Bolick v. County of Caldwell

Decision Date06 March 2007
Docket NumberNo. COA06-693.,COA06-693.
CitationBolick v. County of Caldwell, 641 S.E.2d 386, 182 N.C. App. 95 (N.C. App. 2007)
PartiesMark E. BOLICK, Plaintiff-Appellee v. COUNTY OF CALDWELL, Defendant-Appellant.
CourtNorth Carolina Court of Appeals

Potter Law Offices, P.A., by Steve B. Potter, Lenoir, for plaintiff appellee Mark E. Bolick.

Womble Carlyle Sandridge & Rice, by James R. Morgan, Jr., and Robert T. Numbers, II, Winston-Salem, for defendant-appellant Caldwell County.

MARTIN, Chief Judge.

Plaintiff, a former employee of the Caldwell County Sheriff's Department, brought this action seeking to recover compensation for severance pay allegedly due by reason of his involuntary separation from employment. Defendant-appellant Caldwell County moved for summary judgment and appeals from an order denying its motion. We affirm.

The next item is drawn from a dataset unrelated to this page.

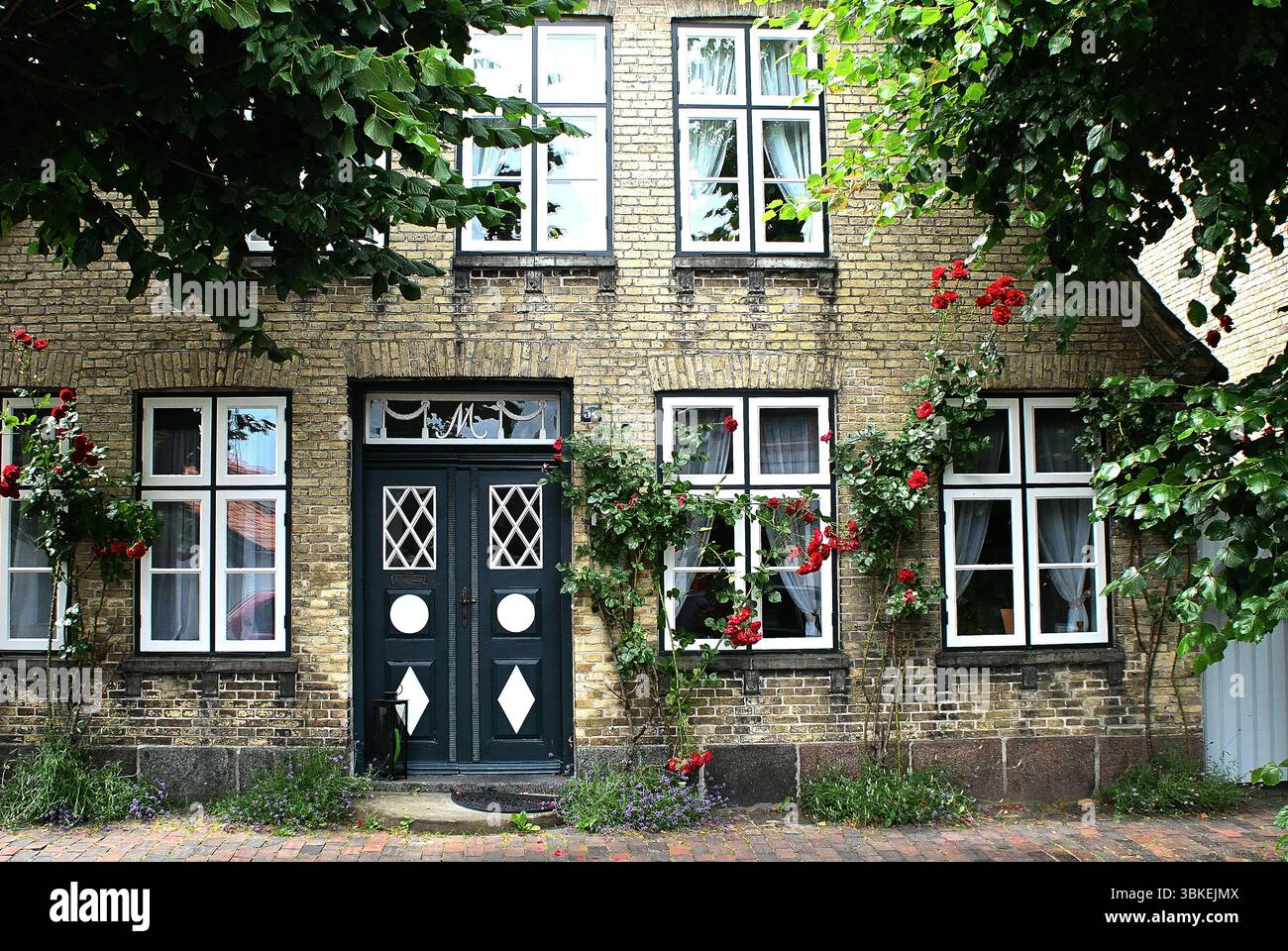 Elegante Fassade eines traditionellen Backsteinhauses mit schwarzer Tür, weißen Fenstern und roten Kletterrosen. Stockfoto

Briefly summarized, the materials before the trial court at the hearing on defendant's summary judgment motion tended to show that plaintiff was first appointed a deputy sheriff in November 1992. He was subsequently reappointed after each election in 1994, 1998 and 2002. He was promoted to sergeant in 1999, and became a shift supervisor at the jail. At no time did he sign an employment contract with the sheriff. He was also aware that he served at the discretion of the elected sheriff, who had the power to terminate his employment.

In 2002, the incumbent sheriff, Roger Hutchings, was defeated in the election by Gary Clark. Sheriff Clark retained plaintiff, but stripped him of his rank. Captain George Marley was the jail administrator, and reported directly to the elected sheriff. Marley and plaintiff had been friends for several years.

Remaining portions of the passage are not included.